Ancora una volta scenari da legge marziale in occasione del primo maggio a Istanbul. Il governo turco, per il terzo anno consecutivo, ha negato alle organizzazioni sindacali il permesso di festeggiare la festa dei lavoratori in piazza Taksim, luogo simbolo della lotta operaia turca.

Taksim e le zone limitrofe sono state chiuse al traffico e al passaggio pedonale a partire dalle prime ore del mattino. Bloccata la metro in diverse stazioni e sospesi altri mezzi di trasporto ritenuti «strategici» per raggiungere il centro della città. A coronare l’aspetto fantasmagorico della città, il divieto di sorvolo dell’area sgomberata, ad eccezione dei velivoli militari. Oltre ventimila poliziotti in città, forti della nuova legge sulla sicurezza che attribuisce loro nuovi poteri.

Le autorità hanno giustificato il divieto con le preoccupazioni riguardanti l’incolumità delle persone e l’inadeguatezza dell’aerea a mantenere l’ordine pubblico.
Il premier Ahmet Davutoglu ha detto che a Taksim sarebbero dovuti andare solo «piccoli gruppi simbolici» per il resto, il primo maggio avrebbe dovuto essere festeggiato «nelle piazze legalmente approvate. Tutte le piazze della Turchia sono aperte», ha aggiunto il premier. Tutte tranne Taksim. Le organizzazioni sindacali hanno comunque deciso di raggiungere la piazza, definendo la decisione del governo «illegale».

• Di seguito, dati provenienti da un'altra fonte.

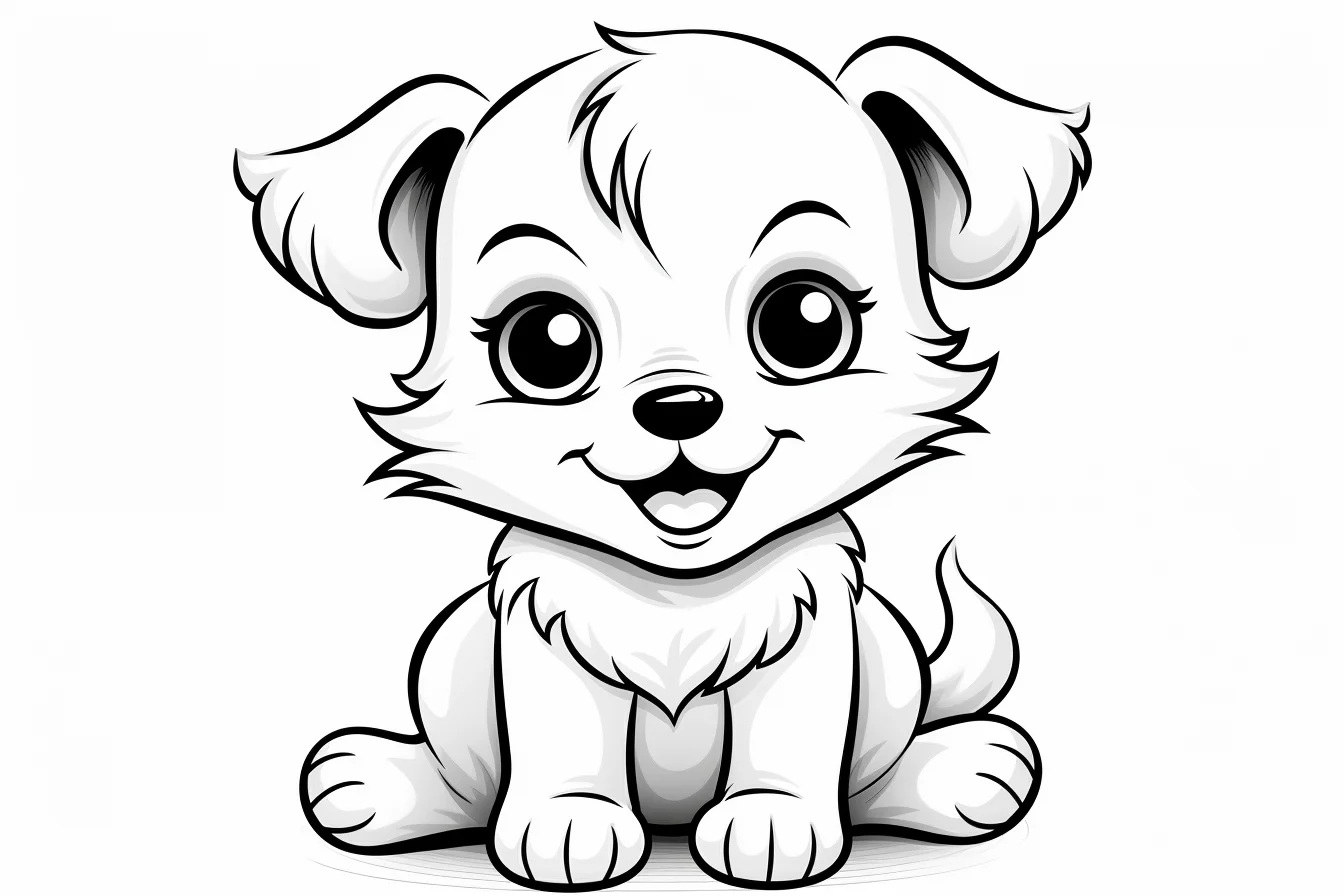 cute puppy coloring pages easy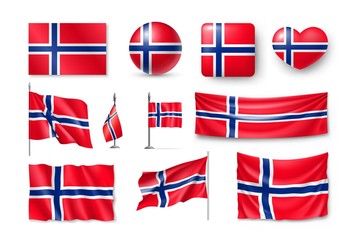 Wall Mural - Set Norway flags, banners, banners, symbols, flat icon. Vector illustration of collection of national symbols on various objects and state signs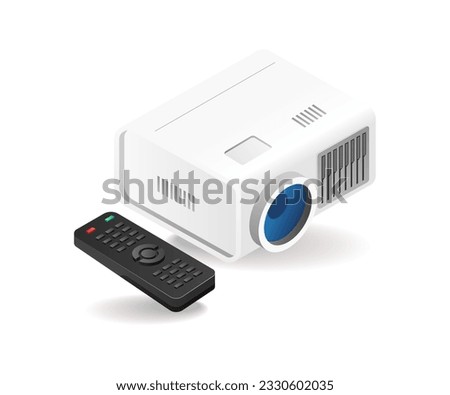 Projector and remote for presentation concept isometric illustration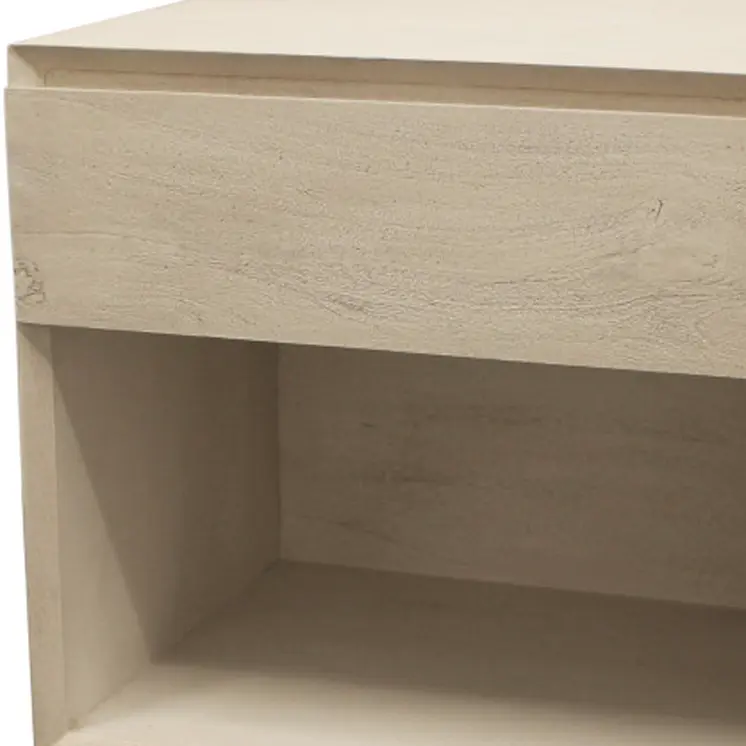 24" Natural Solid Wood Ribbed Texture One Drawer Nightstand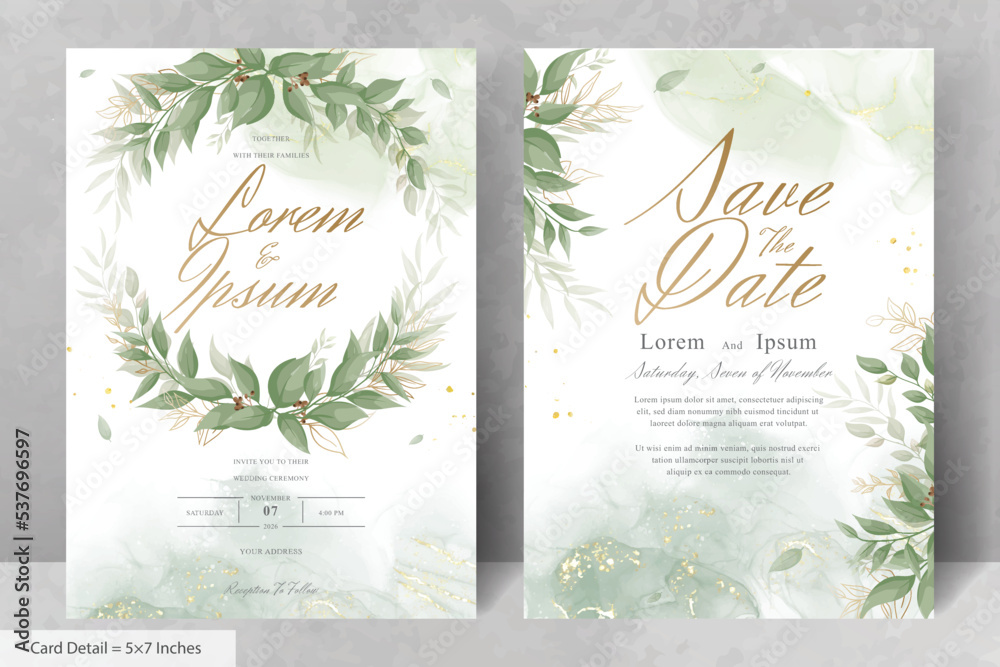 Greenery Wedding Invitation Design with Floral Wreath and Watercolor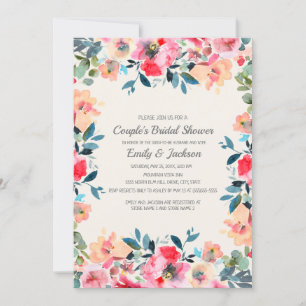 Convites Chuva de Noiva Casal Floral Rosa Marfim Primavera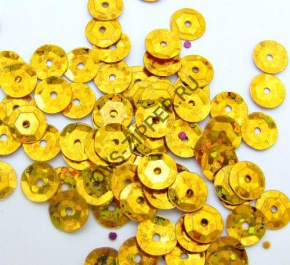 Пайетки-пришивные голография 6 мм (золото) | ОВС Швейная фурнитура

A Besiktas, dove c’è stato il raduno principale delle organizzazioni dei lavoratori, assieme a diversi parlamentari dell’opposizione, il braccio di ferro tra i sindacalisti e le forze dell’ordine è durato per alcune ore. Ricostruendo i momenti della giornata di venerdì, Kani Beko, segretario generale della Confederazione dei sindacati rivoluzionari (Disk), ha detto ieri che i sindacati erano riusciti a far togliere le barricate alla polizia. «Eravamo in tremila e abbiamo parlato un’ultima volta con il prefetto Vasip Sahin, chiedendogli di lasciarci passare a Taksim con i nostri canti e i garofani».

Il permesso è arrivato solo per 300 persone e quando il gruppo si è mosso comunque in direzione di Taksim, la polizia ha attaccato con idranti e lacrimogeni senza dare alcun preavviso. «È il presidente Tayyip Erdogan a dire l’ultima parola in queste circostanze», ha spiegato Beko. La giornata è stata marcata anche da ulteriori scontri tra le forze dell’ordine e i manifestanti in altri quartieri limitrofi del centro cittadino. Alcuni uomini in borghese sono stati ripresi mentre con spranghe di ferro rincorrevano dei manifestanti, un altro uomo in borghese ha accoltellato un civile a Besiktas.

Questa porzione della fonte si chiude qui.